2.4 Training Strategies for Separation-related Task
There are predominately two categories of state-of-the-art training strategies for TSE: data simulation and optimization strategies. Data simulation is crucial for augmenting mixture training data, particularly when real-world labeled datasets are limited. Common techniques include the following:
Data Augmentation [1]: This involves generating new training data by modifying existing datasets using techniques such as adding Gaussian noise, pitch shifting, or time stretching. Data augmentation helps train more robust models that generalize better to different environments.
Dynamic Mixing: This strategy dynamically generates new mixtures of target and interference speakers during training. By continuously varying the conditions in which the target speaker is extracted, dynamic mixing improves the model’s generalization to different noise and interference scenarios.
Optimization strategies have also demonstrated significant promise in improving TSE performance. Common strategies include the following:
Metric-based Method: To address the training/inference mismatch in deep noise suppression models, real data can be implemented using either generative models or reference-free loss without clean speech access [52]. With this strategy, an end-to-end non-intrusive DNN, called PESQ-DNN, is used to estimate the perceptual evaluation of speech quality (PESQ) [39] scores, providing a reference-free perceptual loss during training. An alternating training protocol is applied in which the DNN model is updated on real data, followed by PESQ-DNN updates on synthetic data. This strategy significantly improves the performance compared with models trained solely on simulated data.
Curriculum Learning: CL is a strategy with which training data is introduced progressively, starting with easier examples and moving toward more complex ones. CL has been implemented in TSE by sorting training samples on the basis of predefined difficulty measures such as gender, speaker similarity, signal-to-distortion ratio (SDR), and SNR. Initially, easier samples in which the target and interfering speakers are more distinct are used, and progressively harder cases are introduced as training advances. CL has been shown to improve model convergence and performance [25, 24] and was used in our experiments to optimize TSE training.
3 Libri2Vox Dataset
TSE systems face two critical challenges: limited speaker diversity and artificial acoustic environments. Current TSE datasets, as shown in Table 1, typically contain only hundreds to a few thousand speakers, significantly constraining model generalization capabilities. This limitation becomes particularly apparent when systems encounter speakers or acoustic conditions outside the training distribution.
Speaker diversity plays a fundamental role in TSE performance. A rich speaker set enables models to learn robust representations across various speech characteristics, including accent variations, speaking styles, and vocal qualities. Our analysis suggests that expanding the speaker sets directly correlates with improved model generalization and performance metrics.
Apart from speaker diversity, acoustic condition is another intriguing factor.

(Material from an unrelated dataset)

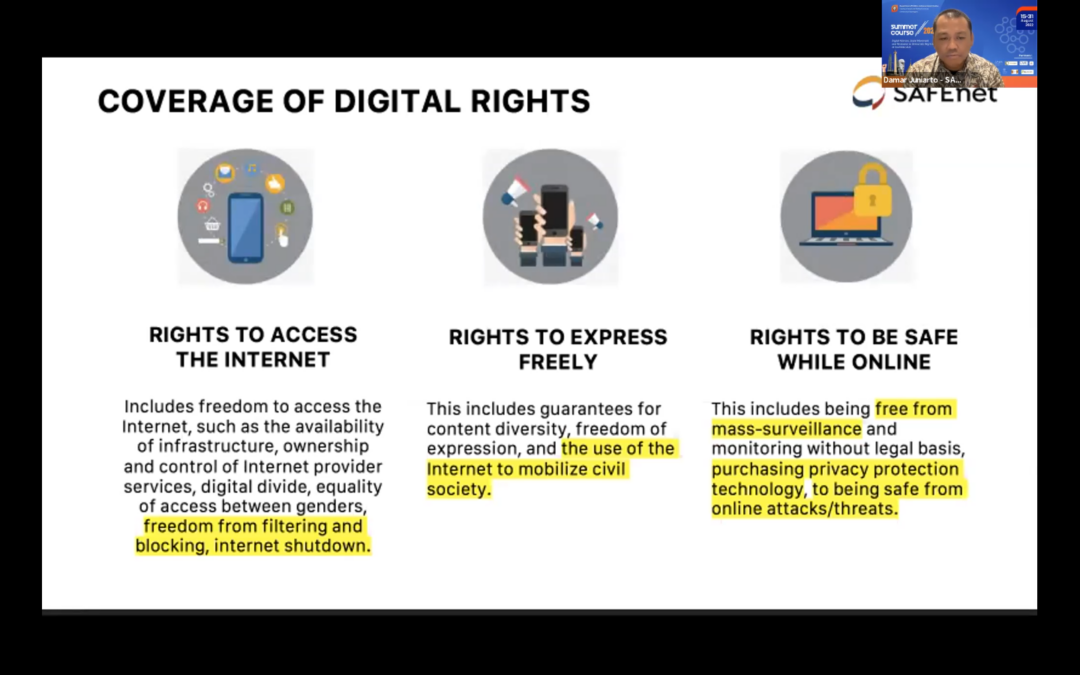Summer Course of Politics and Government Studies, From Grass Root Activism to Disinformation: Social Movement In Southeast Asia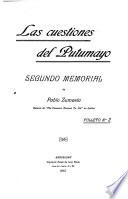 Las cuestiones del Putumayo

Most existed datasets for standard TSE training and evaluation are generated by artificially adding target and interference speech with noise, which does not fully capture how noise and speech mixtures occur in real environments. The complexity of how background noise interacts with speech, including varying distances between the speakers and noise sources, or overlapped voices during conversations, makes it difficult to simulate the true nature of how speech mixtures are created in real-time cases. This is where current datasets often fall short. Meanwhile, datasets that have been widely used for other tasks (such as VoxCeleb2 used in this study) often contain real-world recordings, some of which include background noise from various environments, making them a closer reflection of the conditions under which TSE models are expected to operate.
To address these limitations, we leverage VoxCeleb2 recordings as interference sources. These recordings inherently contain diverse, real-world acoustic conditions, providing more real training scenarios for TSE models compared with traditional artificially mixed clean speech. This approach marks a significant step toward more realistic scenarios, though it still focuses on 2-speaker mixtures rather than the full complexity of unconstrained real-world environments.
3.1 Dataset Construction
In constructing the Libri2Vox database, as shown in Figure 2, we used the following key steps.
3.1.1 Pre-processing and Mixing
Each audio segment is randomly split into 6 second(s) segments. Segments shorter than 6s are zero-padded at the end. The dataset is first processed in the following steps:
All audio data is pre-processed using sv562 with a scale factor of -26 dB.
In LibriTTS, target speech shorter than 2s is deleted. Then, speakers with fewer than 3 utterances are removed, resulting in the deletion of 31 speakers out of 1,151, leaving 1,120 speakers in total.
For reference speech handling, we implement the following strategy: If the original utterance is shorter than 10s, we randomly select additional utterances from the same speaker and concatenate them sequentially until the combined duration exceeds 10s (while ensuring the total duration remains below 15s). If the original utterance is already longer than 10s but shorter than 15s, we use it as is. If the original utterance exceeds 15s, we truncate it to 15s. This approach ensures adequate reference material for speaker embedding extraction while maintaining reasonable processing lengths.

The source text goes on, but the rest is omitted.